Inspired by Orlandersmith’s musical storytelling, Jones is developing original compositions for the show. He expresses how his original work is linked to the array of music that Orlandersmith weaves throughout the script: “What I’m interested in doing is using the music of Liberty to sort of connect those influences together.” Liberty is the youngest character in the show, an eighteen-year-old musician searching for her own sound. “So the original music part is how we tie artists from different eras and different influences to be one sort of organic fabric that is the show – taking these different cool things and making them feel like one whole object.”

“I’m pretty excited to see, to hear Lindsay’s magic,” adds Scenic Designer You-Shin Chen. “Dael wrote about the surrounding being void, and I feel like the new music from Lindsay is something to also fill into the room.” In New Age, the four characters exist in their separate spaces, at points in semi-darkness - experiencing life separately, but existing together through time and space. In asking Chen about her original ideas for the set design, she says, “Dael’s writing is really poetic and what these women are saying kind of echo each other, they weave together. So, when I started designing, it’s something poetic and something that could be more abstract in terms of the form and shape.”

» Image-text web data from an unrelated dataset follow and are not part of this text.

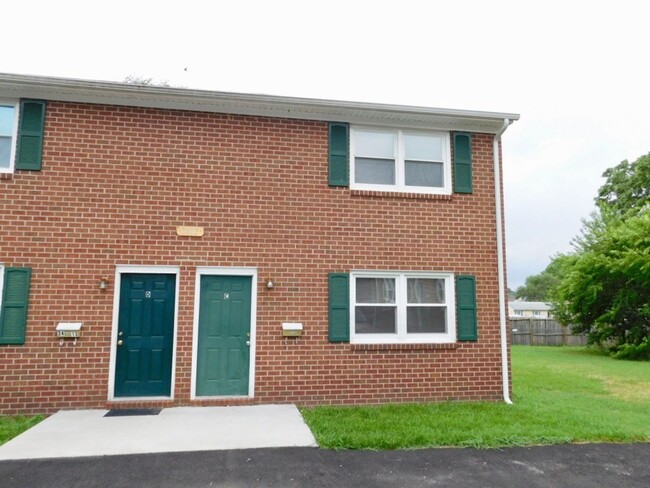 Primary Photo - 3413 Granby St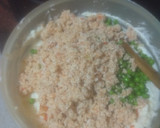 Foto del paso 5 de la receta: Ensaladilla rusa con palitos de cangrejo, atún y langostinos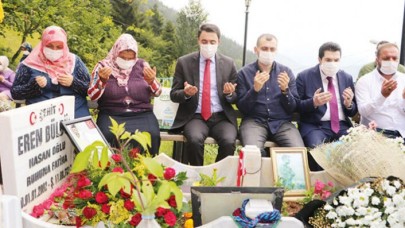 Cumhurbaşkanı Erdoğan,  Eren Bülbül'ü şiirle andı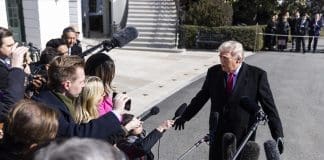 Trump urge a Zelenski a cerrar acuerdo con Rusia y a celebrar elecciones antes de verano EFE/EPA/JIM LO SCALZO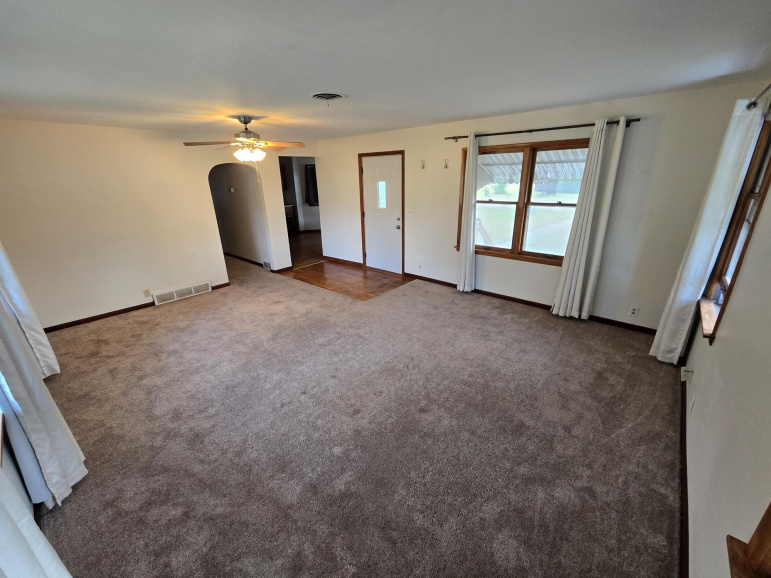 504 Lincoln Avenue Shelton, Nebraska 68876, 2 Bedroom Bedrooms, ,1 BathroomBathrooms,Residential,For Sale,504 Lincoln Avenue,20261370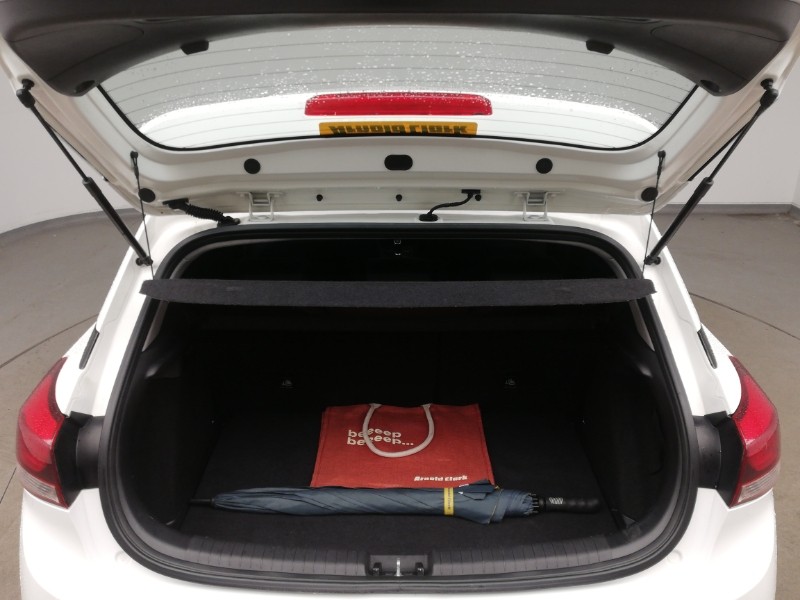 Used Hyundai i20 2015 for sale - 76354855: Photo 8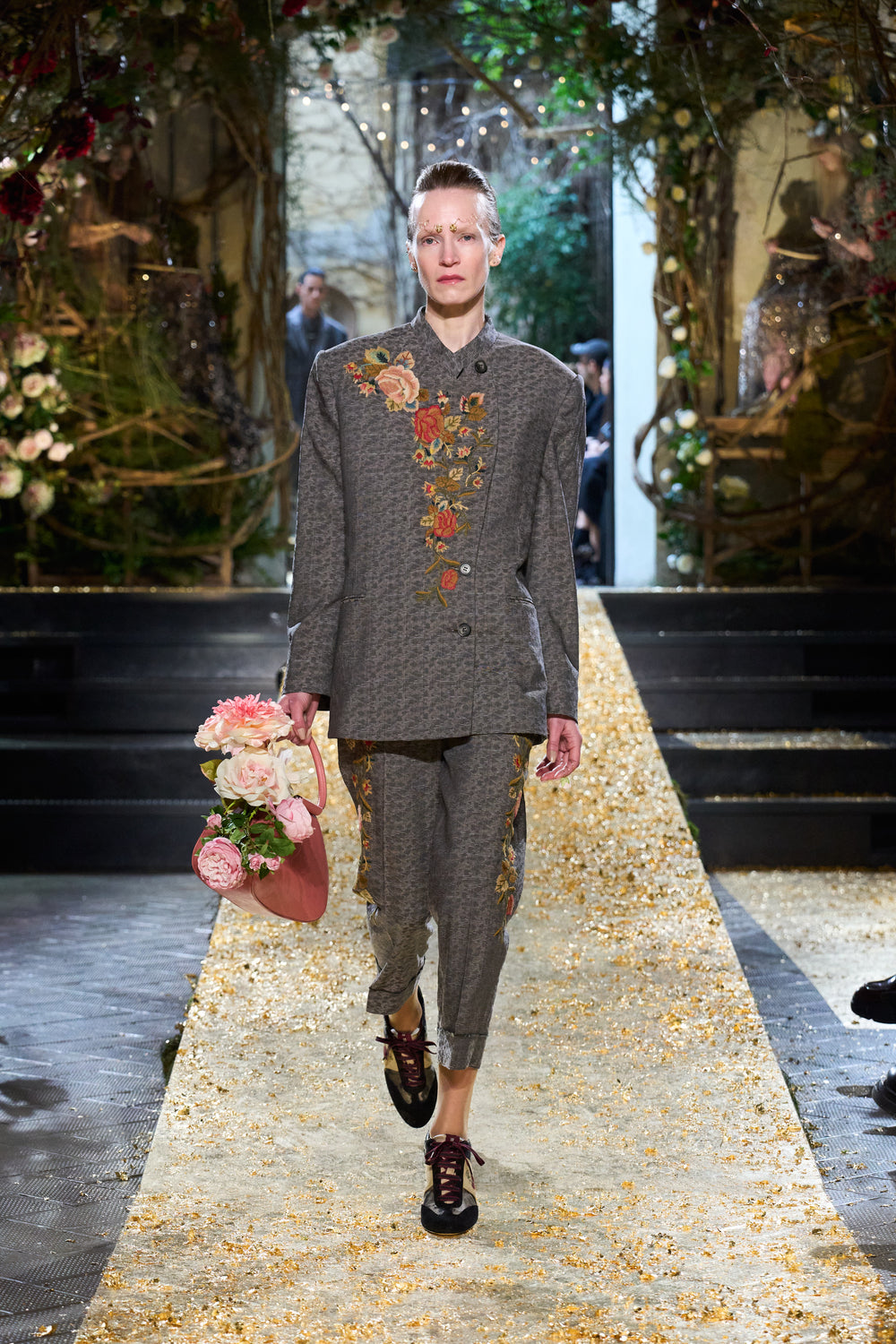 ANTONIO MARRAS RUNWAY 031.jpg__PID:f7411fdf-3afb-4017-9770-9d1059a707fd
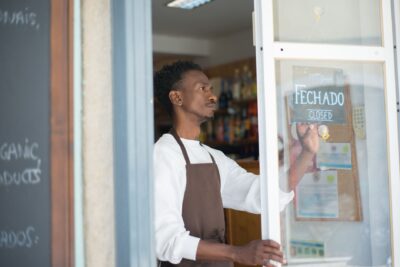 La economía resiste, pero resistir no es estar a salvo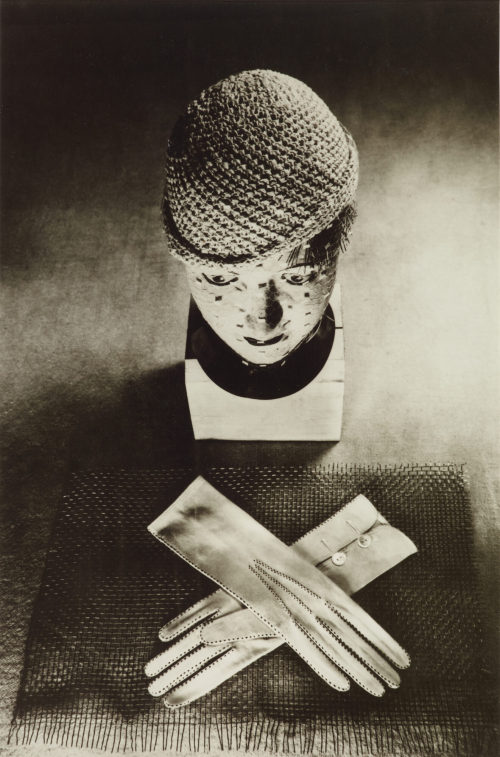 Ringl + Pit (Grete Stern und Ellen Auerbach) (Künstler*in), Hut und Handschuhe, Stillleben, 1932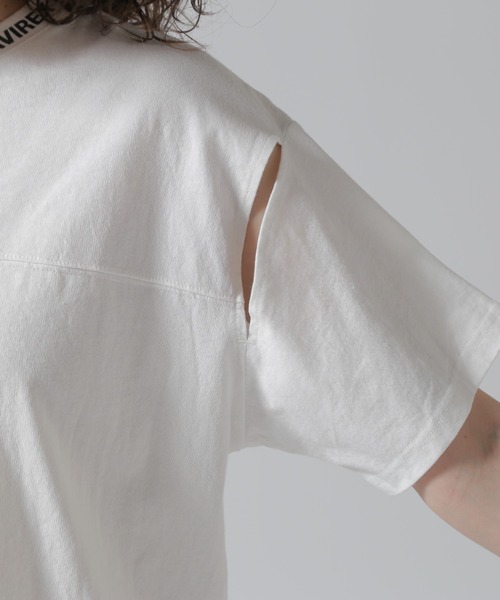 AVIREX(アヴィレックス)の「OPEN COLLAR PRINT T-SHIRT/オープンカラープリントTシャツ(Tシャツ/カットソー・レディース・オフホワイト/サックスブルー/ブラック・F)」の11枚目の写真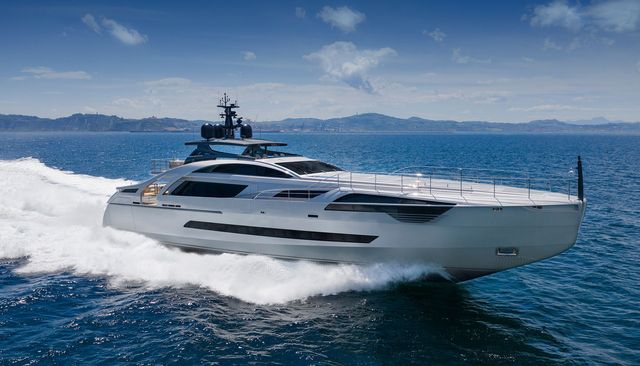 Pershing 140/05 yacht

Chen continues, “I remember I was looking into paintings and drawings, and of how women come together. And I came across this painting -- it’s with the Muses.” She explains how the set was created such that the characters became reminiscent of three of the Muses, the Greek goddesses of poetic inspiration, representing song, dance, and memory. “So we have this circular pool form with the three older generation women [around it]. Like a fountain, they [become] the statues there, while Liberty, being the youngest, and singing her heart out, like a poet, is trying to find her way. And [she] visits these three women that are ahead of her time.”

“You-Shin’s really devised something pretty amazing and unusual,” adds Jones. “There is something you don’t often see in theater, which is a set that has a living component, which is this pool of water. What you have is a really evocative environment that music can sort of live on.” Jones explains how the sound vibrations physically change the set as the water seems to react to the story unfolding onstage. “I’m very, very excited to see how the music will also ebb and flow, very much in the same way as the water.”

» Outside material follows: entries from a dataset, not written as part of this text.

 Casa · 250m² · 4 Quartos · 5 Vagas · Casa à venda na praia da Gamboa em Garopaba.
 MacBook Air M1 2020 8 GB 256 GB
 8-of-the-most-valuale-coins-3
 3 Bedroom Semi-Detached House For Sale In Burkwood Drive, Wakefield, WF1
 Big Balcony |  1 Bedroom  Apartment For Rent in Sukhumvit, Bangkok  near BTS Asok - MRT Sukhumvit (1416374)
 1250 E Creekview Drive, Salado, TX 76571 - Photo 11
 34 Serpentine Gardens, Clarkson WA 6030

Jones also explains how he was personally drawn to Orlandersmith’s use of music. “What inspires me through it is how music plays into finding your identity and establishing who you are. Because, to me, my whole life surrounds music, I identify with that so strongly - that idea that this song is me, that music is me, these different musical influences are all the things that make up who I am.” And the characters would certainly agree.

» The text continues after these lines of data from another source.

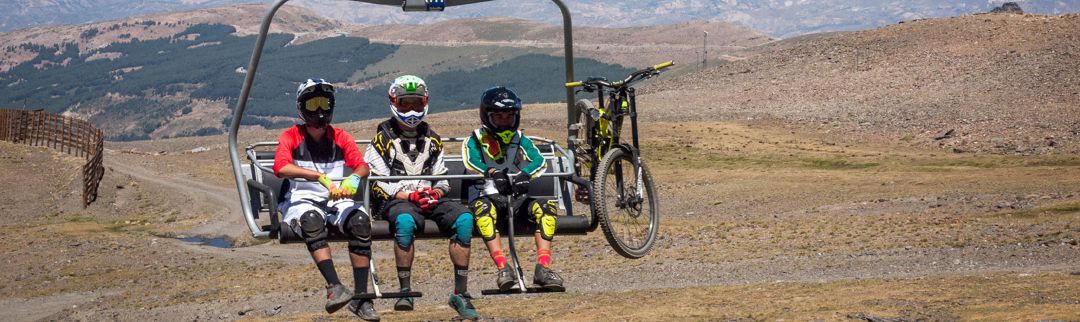 Deportistas usando los remontes de Sierra Nevada en verano en su práctica deportiva Deportistas usando los remontes de Sierra Nevada en verano en su práctica deportiva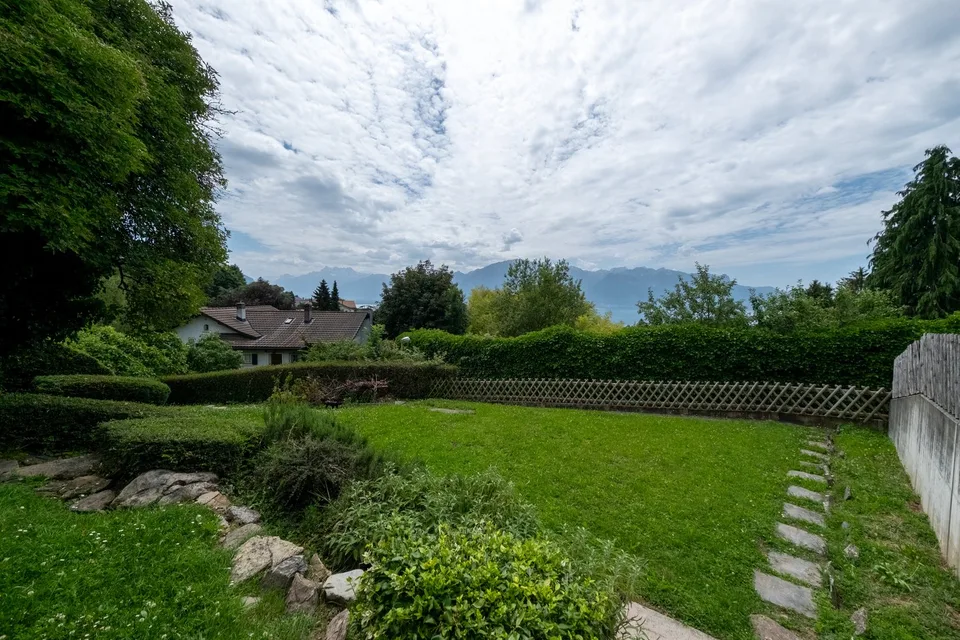Charmanter Einfamilienbungalow mit 5.5 Zimmern im Zentrum von Blonay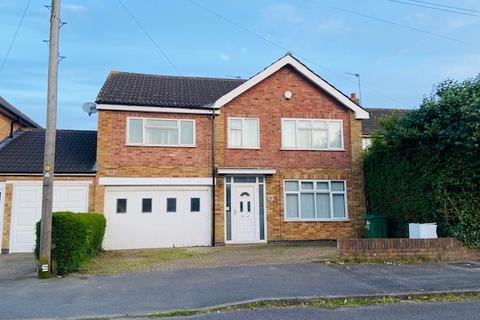 5 bedroom semi-detached house to rent, Harrowgate Drive, Birstall LE4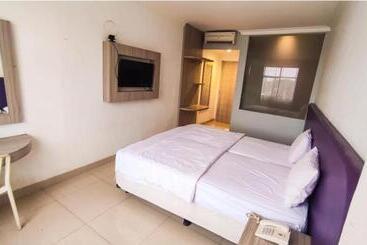 Hotel Belvena Makati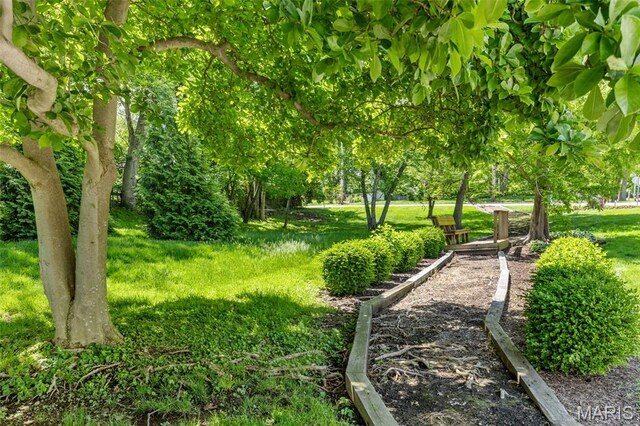 9106 W Swan Cir, Saint Louis, MO 63144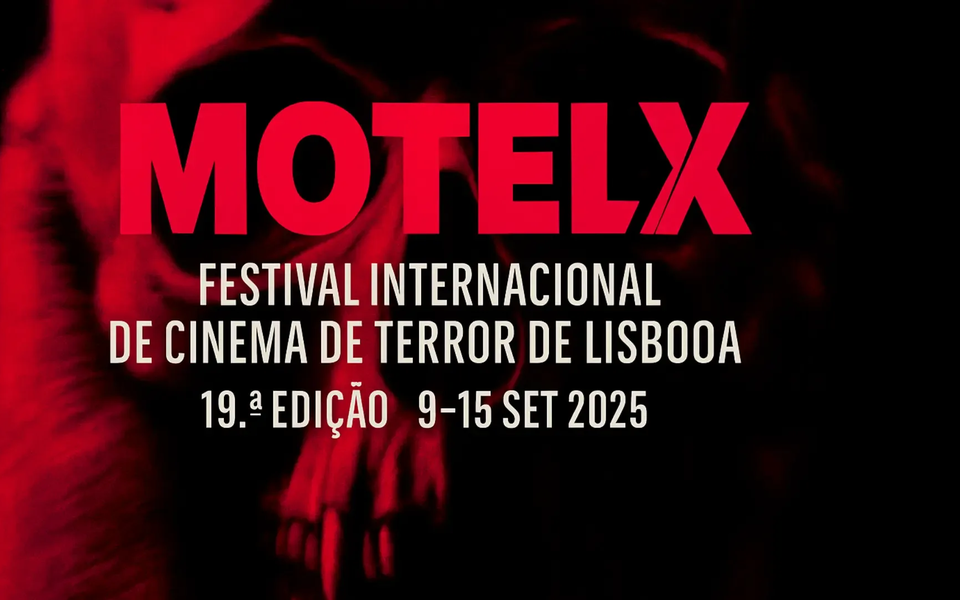 Banner do MOTELX 2025 com fundo vermelho e preto, destacando a 19.ª edição do Festival Internacional de Cinema de Terror de Lisboa, de 9 a 15 de setembro de 2025.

“I’ve seen how people give birth to themselves or not,” expresses Orlandersmith. “I’ve seen older people who have not reinvented themselves, and they’ve used age as a weapon. And they automatically assume that somebody who is younger is going to make the same mistakes, the same way, that they did.” However, in New Age, this is definitely not the case. Jones agrees; he says that one of the things he was most inspired by in the script was how “they go through the show to sort of coalesce their experiences together – it’s this discovery that they’re all kinda badasses by the end of it. They all find themselves in each other and through their musical storytelling.”